Lavenir, R., Sanroma, M., Gibert, S., Crouzet, O., Laurent, F., Kravtsoff, J., Mazoyer, M.-A., Cournoyer, B.
Journal of applied microbiology 2008 v.105 no.5 pp. 1491-1501
DNA, Pseudomonas aeruginosa, aerators, biofilm, clones, colonizing ability, cross infection, genes, genetic variation, health hazards, hospitals, pulsed-field gel electrophoresis, tap water, virulence, water pollution
To investigate infra-specific spatio-temporal dynamics of a hospital water network Pseudomonas aeruginosa population. To infer the origin of water network isolates and assess their potential health hazard. 168 P. aeruginosa strains were isolated from tap waters and swabs of tap nozzle aerators of a hospital unit, over 2 years, and from rectal swabs and nosocomial infections. Genetic diversity among this collection was assessed by pulsed field gel electrophoresis of SpeI restricted genomic DNA. Virulence gene sets, biofilm properties, and hypochlorite resistance were analysed. Exactly 68% of the water samples and 74% of the tap nozzle aerators harboured P. aeruginosa. The strains were divided into 22 clonal lineages, with one dominant clone shown to have been involved in a nosocomial infection.
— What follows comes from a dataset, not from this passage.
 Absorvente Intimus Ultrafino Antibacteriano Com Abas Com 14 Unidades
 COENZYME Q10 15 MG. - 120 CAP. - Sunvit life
An important turnover among the P. aeruginosa hospital population was observed. Some clonal lineages were found to persist, spread in the unit, and diversify into clonal complexes. Rectal carriage appeared an important source of contamination of the water network. High P. aeruginosa infra-specific population diversity suggested a broad ability in colonizing water networks but persistence analysis indicated a strong selection leading to the emergence of dominant clones.